PR Week Echo Columns



April 11, 2008
International Olympic Committee : London torch relay

The relay of sportspeople, celebrities and businessmen carrying the Olympic flame through London was turned into a "turbulent day" by pro-Tibet protesters (Times, 7 April) as the runners were guarded by "riot police and a phalanx of Chinese goons" (Daily Mail, 7 April). Government participation was low-key, with Gordon Brown receiving the torch behind locked gates in Downing Street and Olympics minister Tessa Jowell insisting that London 2012 would not be "intimidated by the threat of protest" (Times 7, April). The police came in for criticism: "the heavy-handedness of the policing would have looked more at home on the streets of Beijing than in Britain" (Mirror, 7 April) but the Chinese 'flame attendants' turned the event into "a combination of sinister and slapstick which did Britain no favours in the eyes of the world" (Evening Standard, 7 April).
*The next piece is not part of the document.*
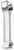 Gedore 2329050 106/C-200-VB Extension 200 mm, with brake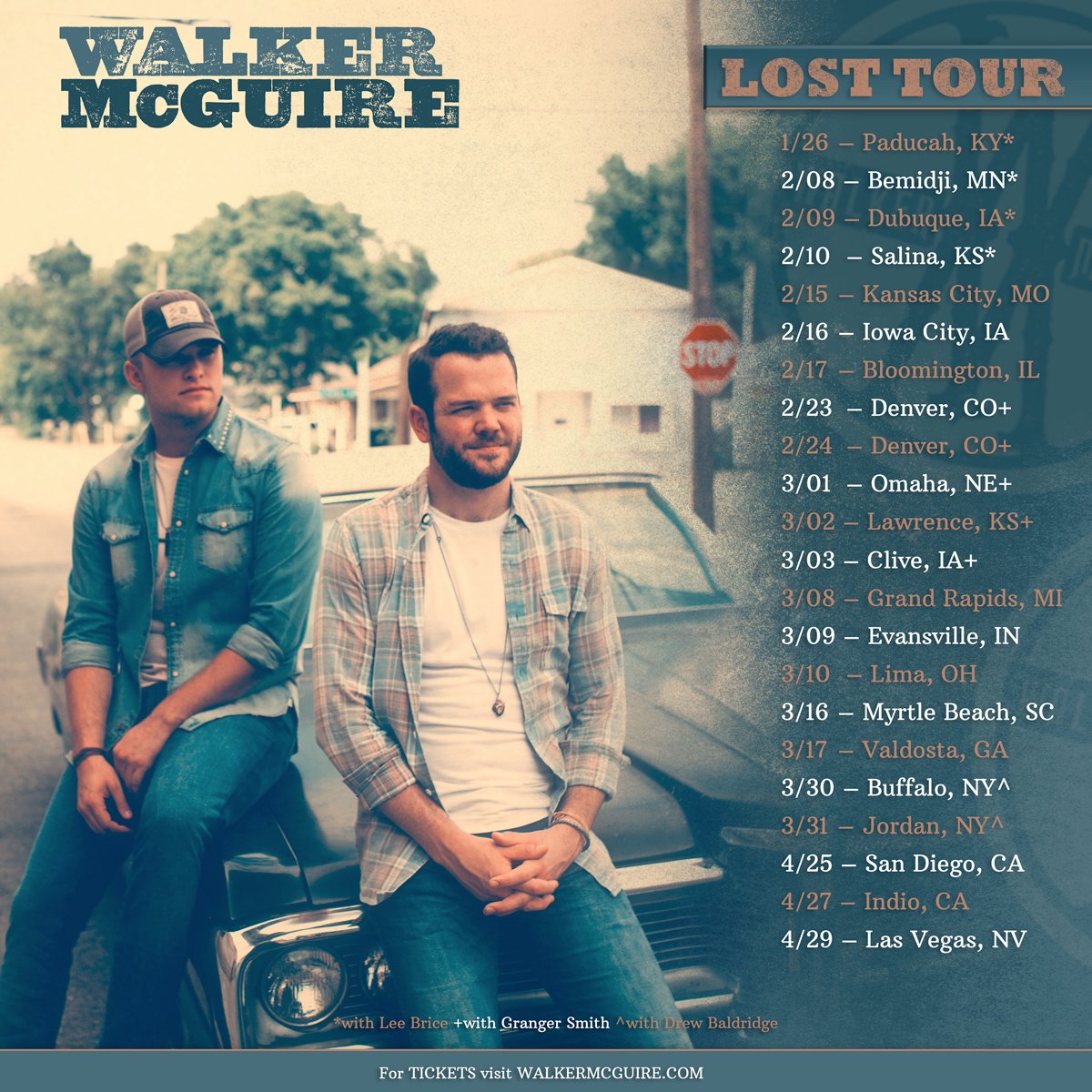 walkermcguire tweet picture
There were few supporters for the Chinese embassy spokesman who said he saw "many people welcoming the arrival of the flame" (Evening Standard, 7 April) and tried to endorse the day of "harmony and peace". Steven Redgrave defended his participation, saying that it was "cheap to use athletes as scapegoats for China's human rights abuses" (Mirror, 7 April). Whether the torch will have such a public outing prior to London 2012 is now very doubtful.